The task
Set down exactly each line of the entries below, beginning at the one that contains "D668 Smitten Kitten Pink" and ending at the last, and no others.

== Information given

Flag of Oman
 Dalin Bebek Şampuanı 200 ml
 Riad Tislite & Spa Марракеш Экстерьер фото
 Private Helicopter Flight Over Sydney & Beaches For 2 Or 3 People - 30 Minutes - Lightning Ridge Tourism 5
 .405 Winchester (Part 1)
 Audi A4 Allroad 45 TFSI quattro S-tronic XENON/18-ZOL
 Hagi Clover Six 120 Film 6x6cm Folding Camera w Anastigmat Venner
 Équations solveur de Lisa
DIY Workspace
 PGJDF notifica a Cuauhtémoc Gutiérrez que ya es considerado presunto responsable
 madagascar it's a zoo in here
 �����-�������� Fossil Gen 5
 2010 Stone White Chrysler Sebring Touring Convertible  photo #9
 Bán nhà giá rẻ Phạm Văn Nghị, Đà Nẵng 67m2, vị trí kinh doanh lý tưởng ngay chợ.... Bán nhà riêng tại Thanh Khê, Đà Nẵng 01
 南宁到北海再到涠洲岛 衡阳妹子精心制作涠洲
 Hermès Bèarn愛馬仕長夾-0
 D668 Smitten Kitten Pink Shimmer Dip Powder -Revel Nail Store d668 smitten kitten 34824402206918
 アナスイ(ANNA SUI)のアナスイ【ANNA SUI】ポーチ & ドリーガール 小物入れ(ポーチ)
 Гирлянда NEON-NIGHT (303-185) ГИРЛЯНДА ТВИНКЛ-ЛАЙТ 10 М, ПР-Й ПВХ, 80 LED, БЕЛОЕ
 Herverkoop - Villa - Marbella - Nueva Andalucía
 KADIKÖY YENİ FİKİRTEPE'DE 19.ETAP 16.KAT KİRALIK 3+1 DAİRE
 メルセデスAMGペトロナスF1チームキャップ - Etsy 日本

====

Written answer
 D668 Smitten Kitten Pink Shimmer Dip Powder -Revel Nail Store d668 smitten kitten 34824402206918
 アナスイ(ANNA SUI)のアナスイ【ANNA SUI】ポーチ & ドリーガール 小物入れ(ポーチ)
 Гирлянда NEON-NIGHT (303-185) ГИРЛЯНДА ТВИНКЛ-ЛАЙТ 10 М, ПР-Й ПВХ, 80 LED, БЕЛОЕ
 Herverkoop - Villa - Marbella - Nueva Andalucía
 KADIKÖY YENİ FİKİRTEPE'DE 19.ETAP 16.KAT KİRALIK 3+1 DAİRE
 メルセデスAMGペトロナスF1チームキャップ - Etsy 日本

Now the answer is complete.